I have been noticing that WPA tends to be a bit slow at expanding tree nodes. Alas, if only I had a tool available to investigate such things… oh, right!
So here we see the rather curious CPU usage pattern WPA shows while expanding a group of about 40,000 stack traces (taking over 300ms):
Each one of the big humps involves kicking off 8 new threads, each of which hangs around for just 50ms or so. And the tiny little bump at 5.82 seconds involves 4 new threads that only run for about 1ms each!
That seems less than ideal... what do the stacks show for those periods?

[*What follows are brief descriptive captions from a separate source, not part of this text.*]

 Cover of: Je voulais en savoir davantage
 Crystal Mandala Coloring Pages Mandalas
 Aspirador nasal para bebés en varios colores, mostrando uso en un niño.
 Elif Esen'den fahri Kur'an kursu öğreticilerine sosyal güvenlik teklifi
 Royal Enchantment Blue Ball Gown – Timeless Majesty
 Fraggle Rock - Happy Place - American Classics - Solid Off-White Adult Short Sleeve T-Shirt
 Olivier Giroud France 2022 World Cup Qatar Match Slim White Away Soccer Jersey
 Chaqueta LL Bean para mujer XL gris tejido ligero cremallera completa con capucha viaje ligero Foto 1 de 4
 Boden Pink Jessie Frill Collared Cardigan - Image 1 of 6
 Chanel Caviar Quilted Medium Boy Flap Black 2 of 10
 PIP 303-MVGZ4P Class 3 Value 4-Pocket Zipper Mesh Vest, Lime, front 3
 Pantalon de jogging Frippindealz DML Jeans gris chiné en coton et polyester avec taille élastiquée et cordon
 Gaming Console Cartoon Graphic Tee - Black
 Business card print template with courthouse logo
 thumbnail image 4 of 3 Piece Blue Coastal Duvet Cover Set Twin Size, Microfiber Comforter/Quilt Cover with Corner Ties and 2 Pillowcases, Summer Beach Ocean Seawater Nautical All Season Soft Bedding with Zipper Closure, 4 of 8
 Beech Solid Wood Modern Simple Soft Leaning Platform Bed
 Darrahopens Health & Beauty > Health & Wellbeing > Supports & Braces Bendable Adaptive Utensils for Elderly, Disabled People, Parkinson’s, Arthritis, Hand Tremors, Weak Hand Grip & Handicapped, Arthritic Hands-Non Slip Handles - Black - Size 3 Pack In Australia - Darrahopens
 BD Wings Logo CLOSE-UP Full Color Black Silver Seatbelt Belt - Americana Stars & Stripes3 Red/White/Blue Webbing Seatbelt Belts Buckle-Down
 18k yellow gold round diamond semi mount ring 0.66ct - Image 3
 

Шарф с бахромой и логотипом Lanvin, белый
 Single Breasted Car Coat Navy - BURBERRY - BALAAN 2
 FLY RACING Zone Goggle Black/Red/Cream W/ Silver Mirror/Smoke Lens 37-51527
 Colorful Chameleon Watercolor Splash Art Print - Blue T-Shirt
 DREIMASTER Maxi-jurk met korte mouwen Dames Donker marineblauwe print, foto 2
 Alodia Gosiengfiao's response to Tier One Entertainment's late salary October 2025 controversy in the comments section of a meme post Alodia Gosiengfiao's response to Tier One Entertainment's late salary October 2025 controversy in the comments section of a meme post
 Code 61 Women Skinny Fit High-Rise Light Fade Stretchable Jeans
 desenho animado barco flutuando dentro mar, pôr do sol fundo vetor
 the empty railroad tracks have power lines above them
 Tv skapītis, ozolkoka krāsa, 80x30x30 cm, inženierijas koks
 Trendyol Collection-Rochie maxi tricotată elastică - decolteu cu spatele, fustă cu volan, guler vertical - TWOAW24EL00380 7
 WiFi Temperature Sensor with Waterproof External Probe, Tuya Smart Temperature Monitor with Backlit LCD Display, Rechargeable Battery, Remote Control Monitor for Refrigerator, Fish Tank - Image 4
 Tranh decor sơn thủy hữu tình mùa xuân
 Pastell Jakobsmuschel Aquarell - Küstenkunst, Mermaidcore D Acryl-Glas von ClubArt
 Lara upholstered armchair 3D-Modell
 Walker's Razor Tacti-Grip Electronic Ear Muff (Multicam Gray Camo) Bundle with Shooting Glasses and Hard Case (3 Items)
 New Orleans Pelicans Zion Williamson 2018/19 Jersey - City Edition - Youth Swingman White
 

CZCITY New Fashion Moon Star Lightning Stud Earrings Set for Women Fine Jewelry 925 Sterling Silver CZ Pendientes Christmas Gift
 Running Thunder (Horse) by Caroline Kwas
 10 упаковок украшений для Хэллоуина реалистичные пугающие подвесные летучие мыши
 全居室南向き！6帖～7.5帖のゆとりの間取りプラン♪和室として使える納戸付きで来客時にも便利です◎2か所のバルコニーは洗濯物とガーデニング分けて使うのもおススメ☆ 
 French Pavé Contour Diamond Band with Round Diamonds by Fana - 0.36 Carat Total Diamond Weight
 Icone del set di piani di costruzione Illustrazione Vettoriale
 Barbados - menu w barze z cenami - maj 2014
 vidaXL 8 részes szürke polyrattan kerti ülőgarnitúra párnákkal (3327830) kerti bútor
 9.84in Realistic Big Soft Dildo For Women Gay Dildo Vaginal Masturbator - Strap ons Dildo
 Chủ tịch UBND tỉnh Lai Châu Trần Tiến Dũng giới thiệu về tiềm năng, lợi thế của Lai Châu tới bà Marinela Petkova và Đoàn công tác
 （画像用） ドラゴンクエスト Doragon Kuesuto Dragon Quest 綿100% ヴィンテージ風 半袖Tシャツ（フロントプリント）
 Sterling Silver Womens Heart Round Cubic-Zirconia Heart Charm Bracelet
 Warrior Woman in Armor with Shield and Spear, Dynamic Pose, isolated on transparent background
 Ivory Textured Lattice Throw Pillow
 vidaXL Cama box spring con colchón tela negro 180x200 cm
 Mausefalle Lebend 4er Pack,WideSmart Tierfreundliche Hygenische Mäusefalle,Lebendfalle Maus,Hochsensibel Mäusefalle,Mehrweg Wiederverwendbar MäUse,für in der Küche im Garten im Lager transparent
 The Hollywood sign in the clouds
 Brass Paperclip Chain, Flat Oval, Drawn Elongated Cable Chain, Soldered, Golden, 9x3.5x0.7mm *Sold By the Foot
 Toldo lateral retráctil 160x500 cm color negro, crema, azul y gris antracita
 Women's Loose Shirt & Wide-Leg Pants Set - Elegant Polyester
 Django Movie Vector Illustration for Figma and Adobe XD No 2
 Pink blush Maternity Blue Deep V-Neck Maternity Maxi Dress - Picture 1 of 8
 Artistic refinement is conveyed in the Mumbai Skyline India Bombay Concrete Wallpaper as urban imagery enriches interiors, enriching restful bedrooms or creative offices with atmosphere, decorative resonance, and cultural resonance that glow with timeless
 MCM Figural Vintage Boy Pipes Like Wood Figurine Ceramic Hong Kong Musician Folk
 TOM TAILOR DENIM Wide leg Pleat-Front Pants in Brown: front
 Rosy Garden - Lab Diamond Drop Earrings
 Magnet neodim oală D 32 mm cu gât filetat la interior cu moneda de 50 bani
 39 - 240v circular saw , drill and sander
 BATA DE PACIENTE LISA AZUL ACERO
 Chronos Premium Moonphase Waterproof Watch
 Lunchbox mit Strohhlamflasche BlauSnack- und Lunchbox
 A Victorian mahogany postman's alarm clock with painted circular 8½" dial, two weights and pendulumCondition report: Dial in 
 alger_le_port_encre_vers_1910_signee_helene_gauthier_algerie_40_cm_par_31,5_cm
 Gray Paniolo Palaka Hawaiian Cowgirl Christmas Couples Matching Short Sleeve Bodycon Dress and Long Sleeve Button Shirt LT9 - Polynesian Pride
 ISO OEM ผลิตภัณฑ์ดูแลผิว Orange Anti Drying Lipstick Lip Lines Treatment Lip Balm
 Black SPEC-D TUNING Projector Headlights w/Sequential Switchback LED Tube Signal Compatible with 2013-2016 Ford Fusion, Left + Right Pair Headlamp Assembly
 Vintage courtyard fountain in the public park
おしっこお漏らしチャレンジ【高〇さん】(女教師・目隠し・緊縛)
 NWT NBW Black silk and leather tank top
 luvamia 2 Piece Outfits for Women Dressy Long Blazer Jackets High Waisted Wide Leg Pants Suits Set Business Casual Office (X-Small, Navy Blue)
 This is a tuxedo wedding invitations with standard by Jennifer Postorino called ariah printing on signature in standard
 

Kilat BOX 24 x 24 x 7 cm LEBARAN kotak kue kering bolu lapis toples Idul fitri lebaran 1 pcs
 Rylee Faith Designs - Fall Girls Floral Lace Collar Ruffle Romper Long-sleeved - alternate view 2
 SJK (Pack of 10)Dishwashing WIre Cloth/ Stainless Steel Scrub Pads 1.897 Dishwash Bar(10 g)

Stack, Count, Weight (in view) (ms) microsoft.performance.shell.dll!Microsoft.Performance.Shell.Tables.Columns.StackFrameTagPathNodeColumn+StackFrameTagPathNodeColumnGenerator`2[System.__Canon,Microsoft.Performance.Shell.Tables.Columns.Generators.CachedOnFirstUseColumnGenerator`2[Microsoft.Performance.PerfCore4.StackTopCPtr,M, 593, 592.057600 |- microsoft.performance.shell.dll!Microsoft.Performance.Shell.Stacks.StackFrameTagsReferenceService::FrameTagsFromTop 0x0, 585, 583.954800 | |- clr.dll!JIT_MonEnterWorker_InlineGetThread_GetThread_PatchLabel, , 542, 540.769400 | |- microsoft.performance.core4.interop.dll!Microsoft.Performance.PerfCore4.StackFrameTagMapperExtensions::FrameTagsFromTop 0x0, 37, 37.151800 | |- microsoft.performance.shell.dll!Microsoft.Performance.Shell.Stacks.StackFrameTagsReferenceService::FrameTagsFromTop 0x0<itself>, 3, 2.980300
Spinning up all those threads to get worse than single threaded performance seems not so great. And why is it doing it twice? I've only expanded a single node!